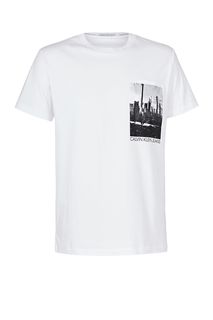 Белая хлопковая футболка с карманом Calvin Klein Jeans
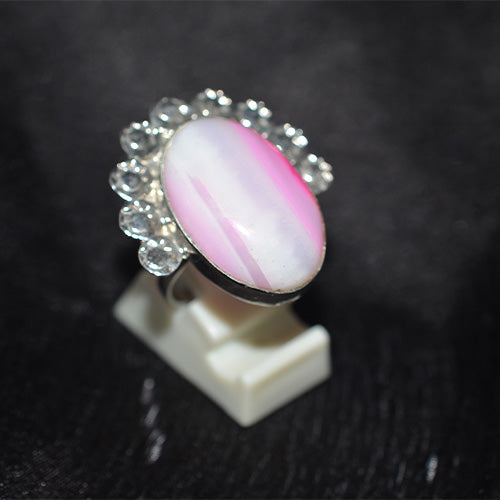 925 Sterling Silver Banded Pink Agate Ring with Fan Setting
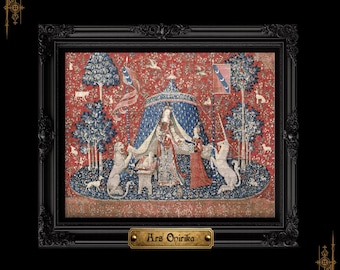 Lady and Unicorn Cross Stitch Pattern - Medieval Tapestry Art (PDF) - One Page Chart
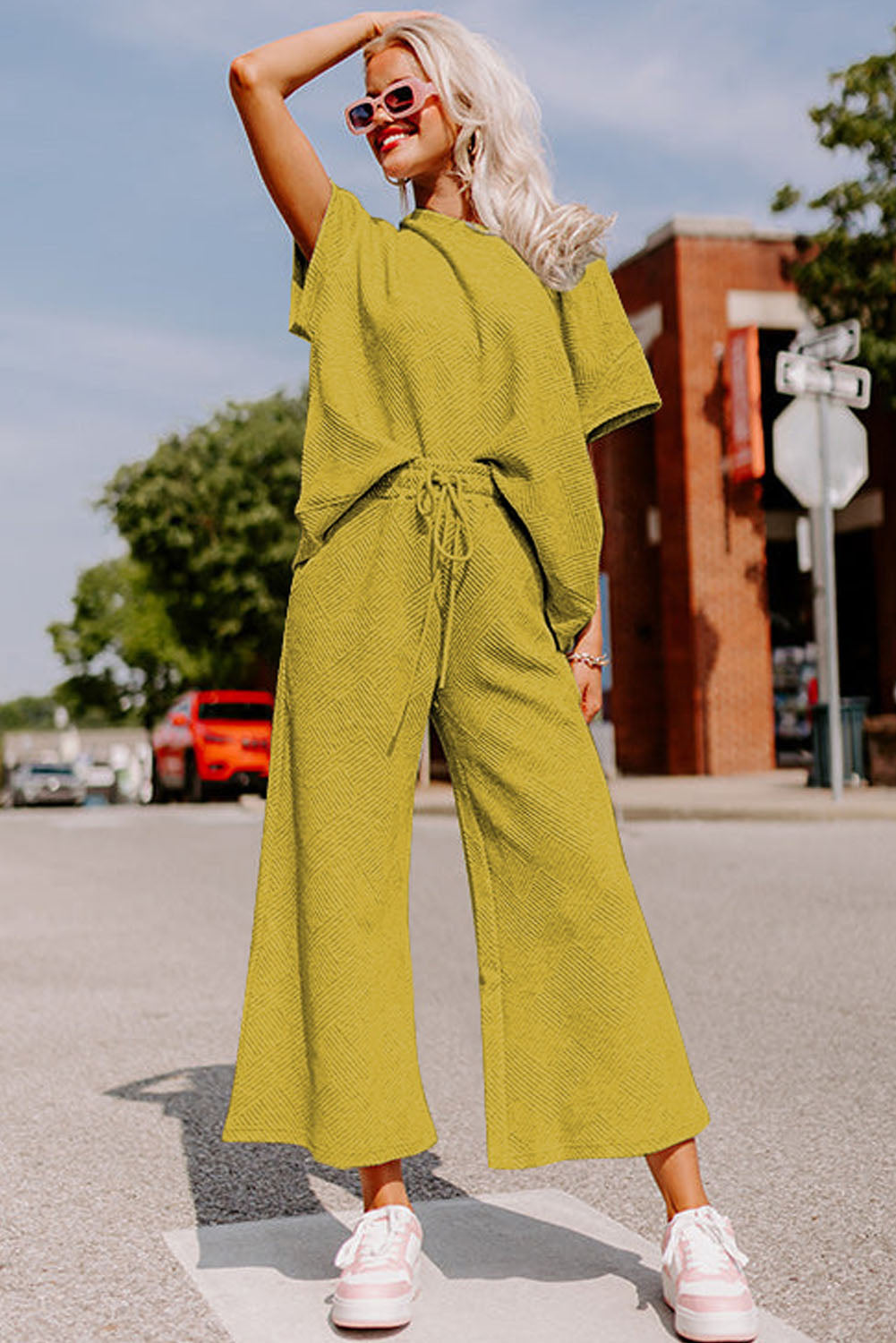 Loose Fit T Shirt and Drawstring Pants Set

Exercise details:
Restate the whole of the material word for word without the pictures.

Result below:
 Белая хлопковая футболка с карманом Calvin Klein Jeans
 925 Sterling Silver Banded Pink Agate Ring with Fan Setting
 Lady and Unicorn Cross Stitch Pattern - Medieval Tapestry Art (PDF) - One Page Chart
 Loose Fit T Shirt and Drawstring Pants Set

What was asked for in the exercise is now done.